You've put a kink in the blade, probably on the weld, there should only be one weld though. I did this exact same thing a month or so ago. but I carried on using the blade until it broke a couple of weeks later, I just didn't cut quite as close to account for the extra kerf that's created by the kink. When it breaks, you will probably find that it breaks on the weld too, that's always the weak spot.

If you run in to trouble and have to back out, it's best to put a wedge in at the end to keep the gap open for the blade. I find headstock breakangle offcuts are perfect for this, used one to wedge my maple top while I was book-matching it last night actually. May be of interest, the blade I've got on my bandsaw at the moment is an axeminster "back-toothed" blade, it's awesome at going around corners and if you need to backup, it will just back out like a knife in butter, you just have to make sure that you're cutting on the right side of your line on the way back.

An assumption I've been making lately.. The more timber pinches when resawing, the more tension there is in the board and the more likely you are to see some movement, especially in your neck blank 😮 Give it a good few days to do what it's going to do.

only had this bandsaw for 6mos so... I guess this is the price of learning.  next time I'll be a lot more gentle with it altho I was pretty gentle.  I used a chisel to separate the cut a bit after I figured out that I should do that... admittedly I was just trying to work it back and forth before that and I think that is where I went wrong. 

axeminster - seems reasonably priced.  might have to give em a shot.  I paid about $35 for the timberwolf and it really hasn't been used that much so kinda bummed.  could have been worse I s'pose. 

when my blade bound up I thought the same thing about it perhaps being a bit wet... but this stuff has been in my garage here in az for 7 or 8 months and the other pieces I cut out of it (made one neck) have not moved at all so... I hope it had more to do with cutting 2" material with a 1/4" blade... probably a bad combo.  either way - yup... gonna have to give it a bit before I go further.

anywho thanks for the advice.

 

7 hours ago, ScottR said:

I've done that before too. Unplug your saw and set a small block of wood behind your blade and slowly turn it by hand till you locate the problem area. It will be where the blade moves forward off that block of wood. I've had the bends be almost unfindable, in which case it is gradual and you should be able to run the blade for a while.....until you get tired of the rougher cut the blade leaves. I've also found a crack in a blade and a bend that forms a mild crease.
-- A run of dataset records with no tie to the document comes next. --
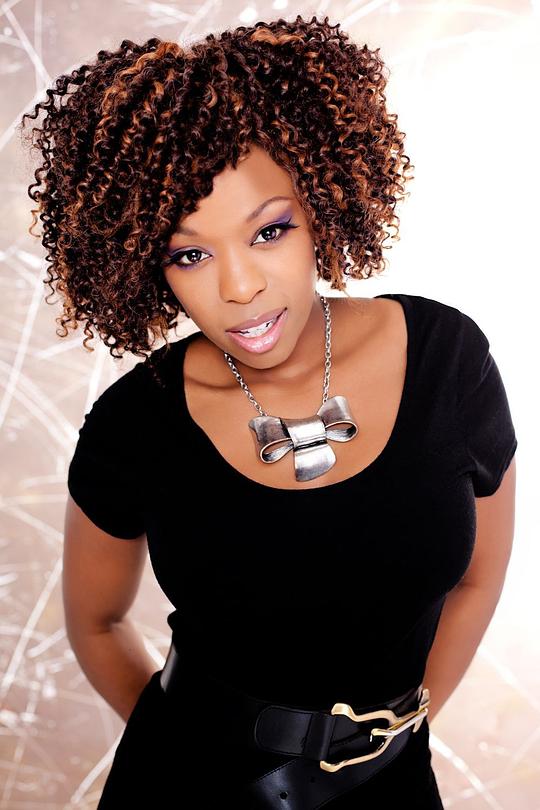 多米妮克·摩尔 Dominique Moore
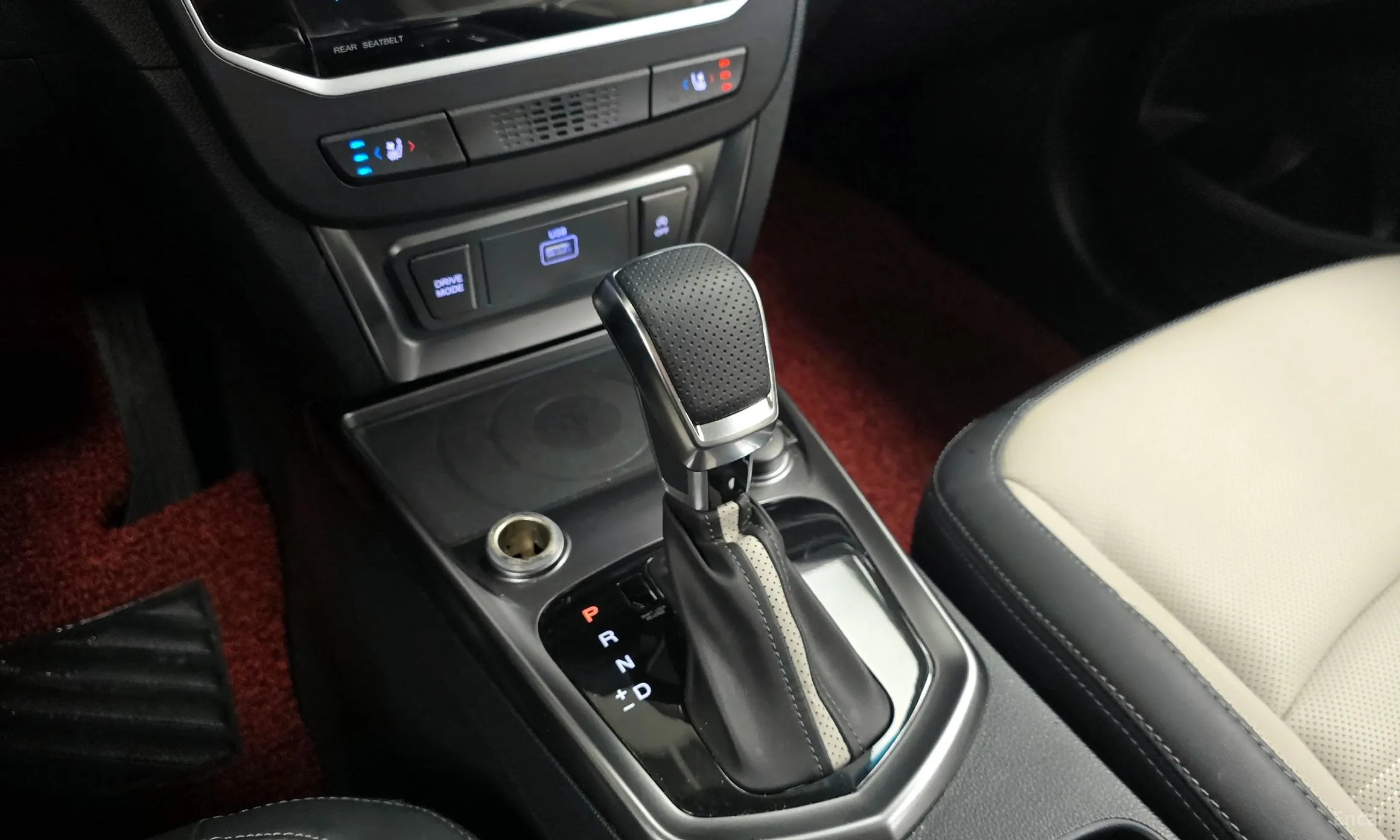 KG Mobility (SsangYong) Tivoli превью 9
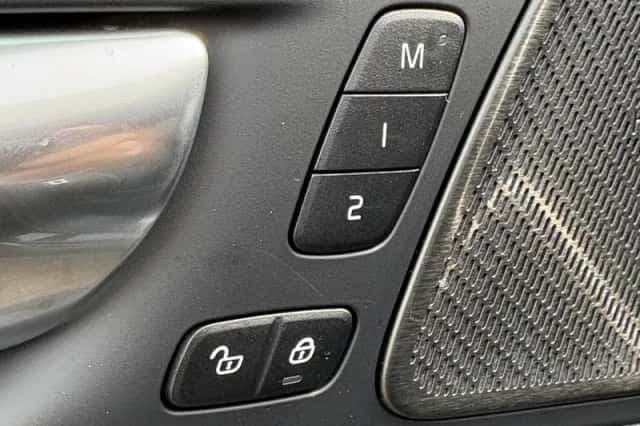 Volvo XC60 (2025) thumbnail 30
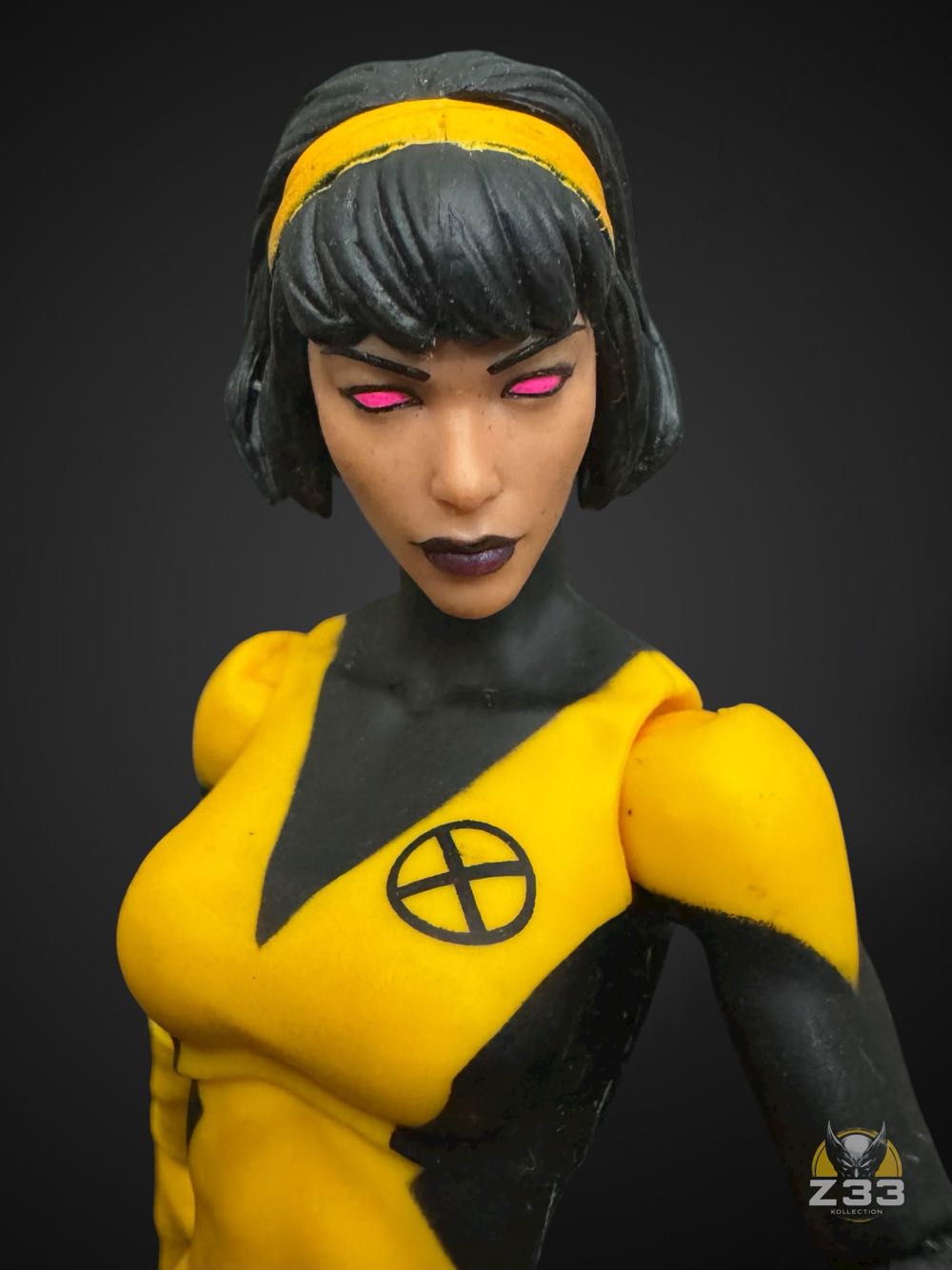 Marvel Legends (2011-????) (WEx16) Dani Moonstar - Hasbro (Marvel Legends Walgreens Exclusive) action figure collectible - Main Image 4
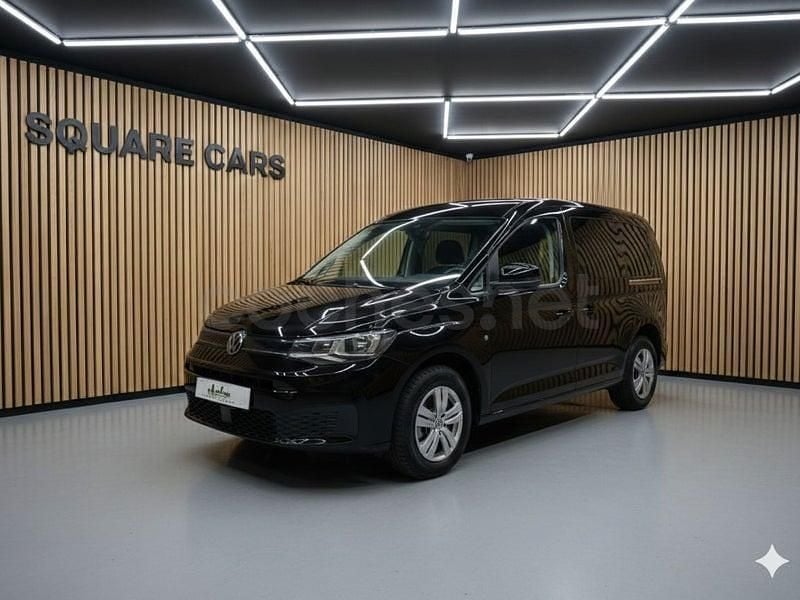 Usado VW Caddy 102 CV (75 kW) 2022 Negro Monovolumen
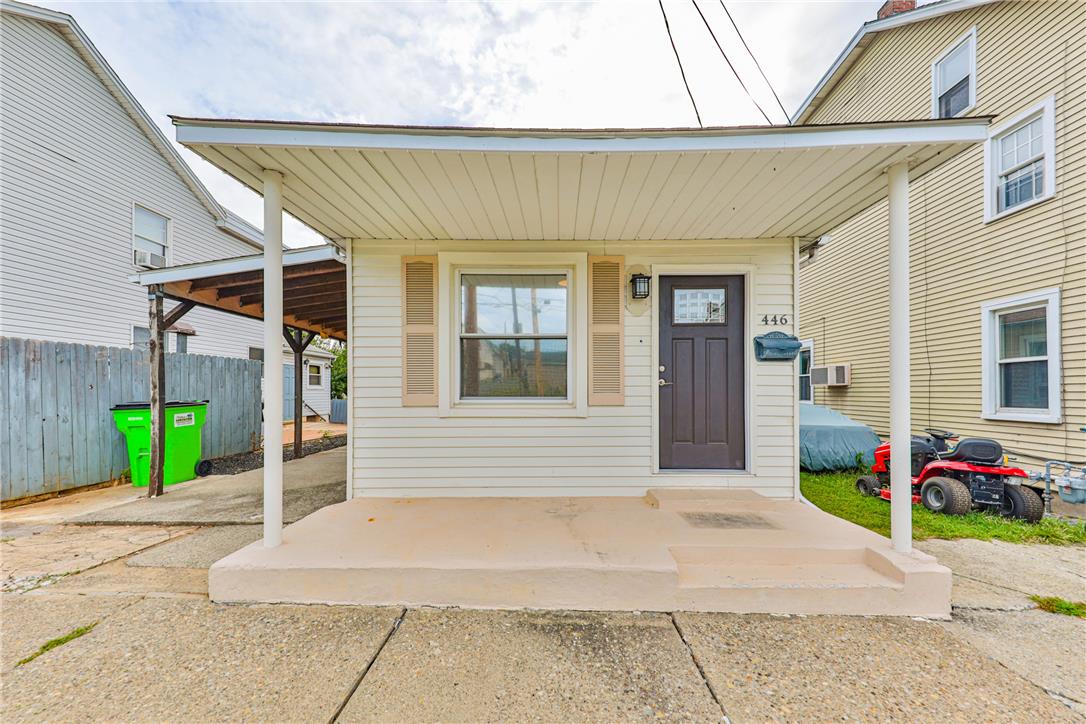 446 Maple Street Property Photo 1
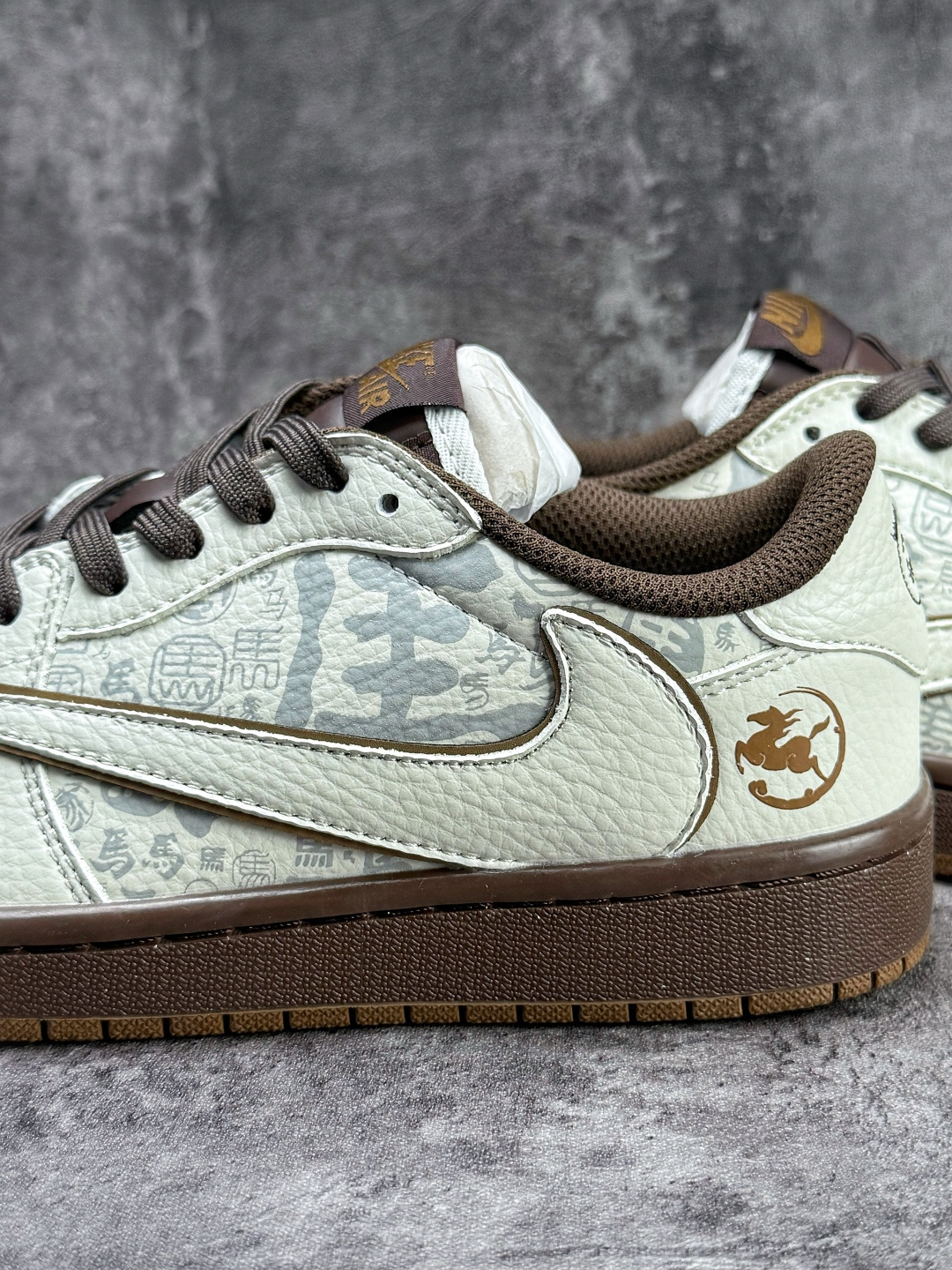 Travis Scott x Nike Air Jordan 1 Low 马年限定 Air Jordan 1 Low 反转白棕小勾倒钩 版本 NH0601-061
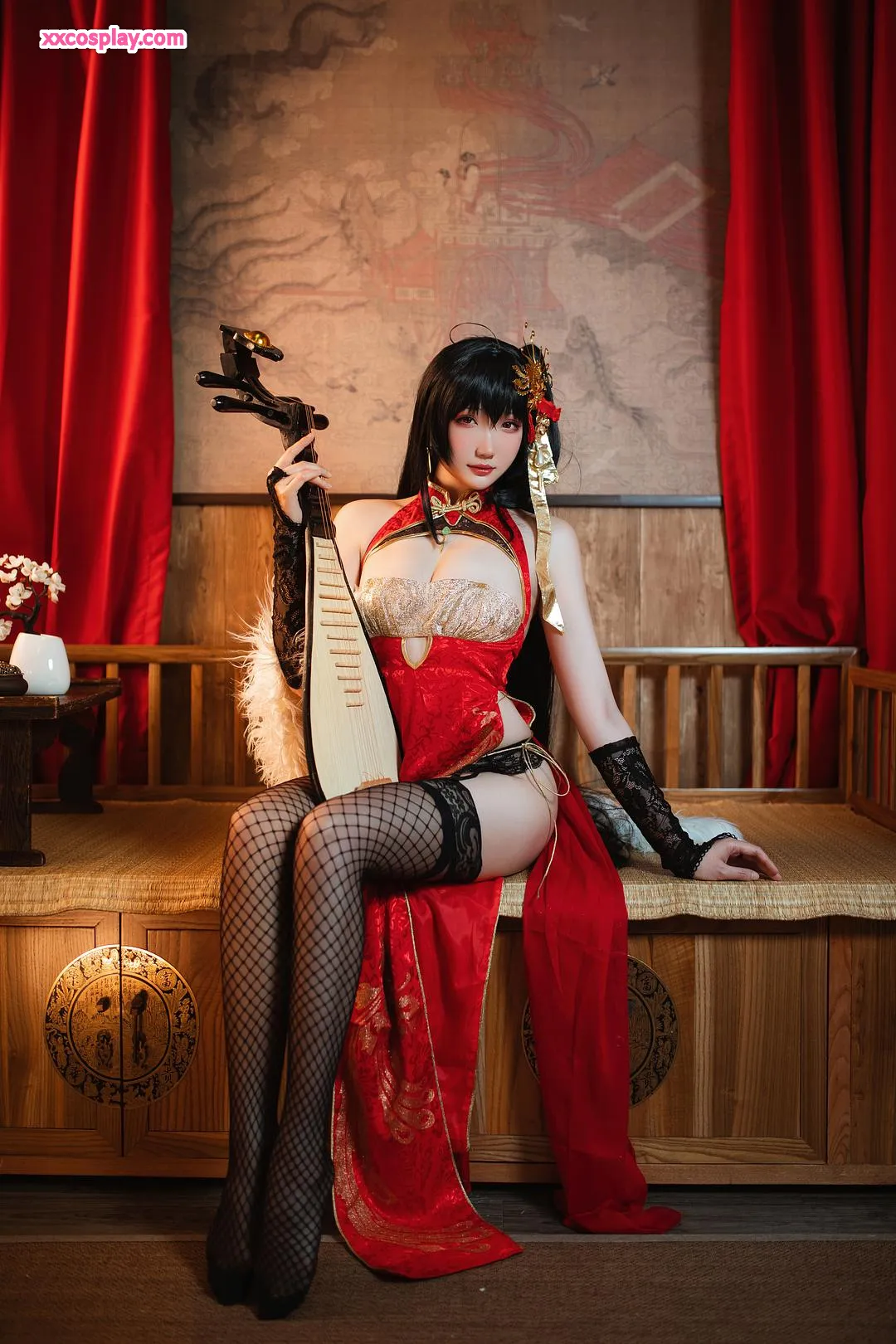 Gua Xi Jiang as Taihou: Seductive Qipao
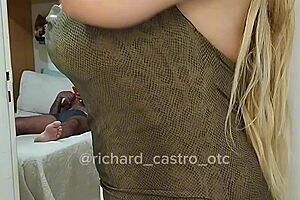 fui pego pela titia suzie slut me masturbando e ela n�o resistiu e acabei fudendo a titia completo no red e sheer exclusivo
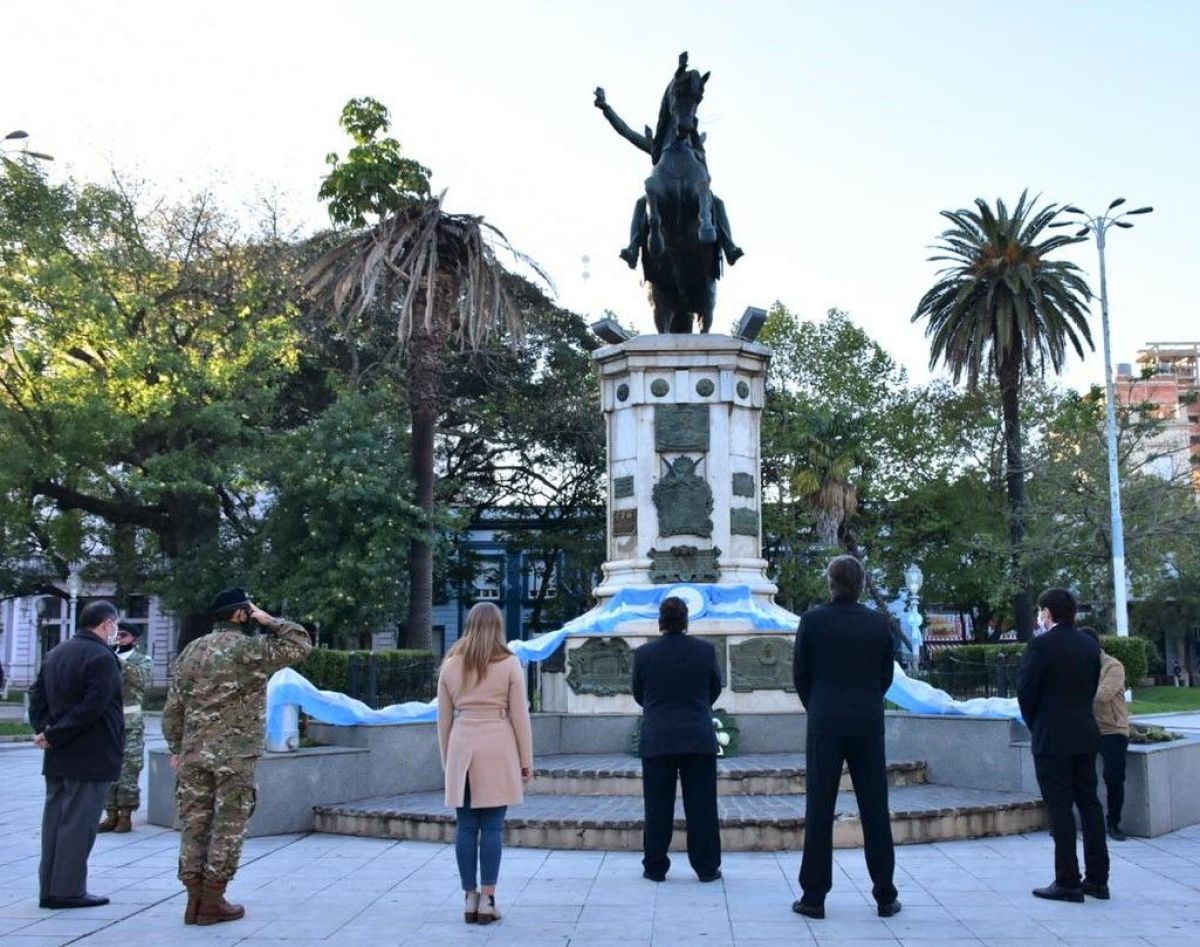 En la plaza 25 de Mayo flameó la bandera nacional en el Día de la ...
If you find either of those throw the blade away, or make a rasp out of it, but don't saw with it.

And yes, rock maple is damn hard.

SR

thank you for the great tip on the checking the blade.  will def do before I use it again. 

re rock maple... I had no idea it was this hard.  pretty heavy by comparison too.  hope that translates to really rigid. 

 

thank you both for the responses!

Posted

I've only been using a bandsaw for about a year myself and I'm on my 6th blade. I have tried some of the premium titanium blades but they break just as easily at the welds, so I put it down to user error. In fact I've made the same mistake as you, resawing 2" hardwood with a 1/4" blade. I would recommend you move your workshop around though so it isn't backed up against the wall. I've got mine side on to the wall so it doesn't take up too much space but the work is free to push all the way through.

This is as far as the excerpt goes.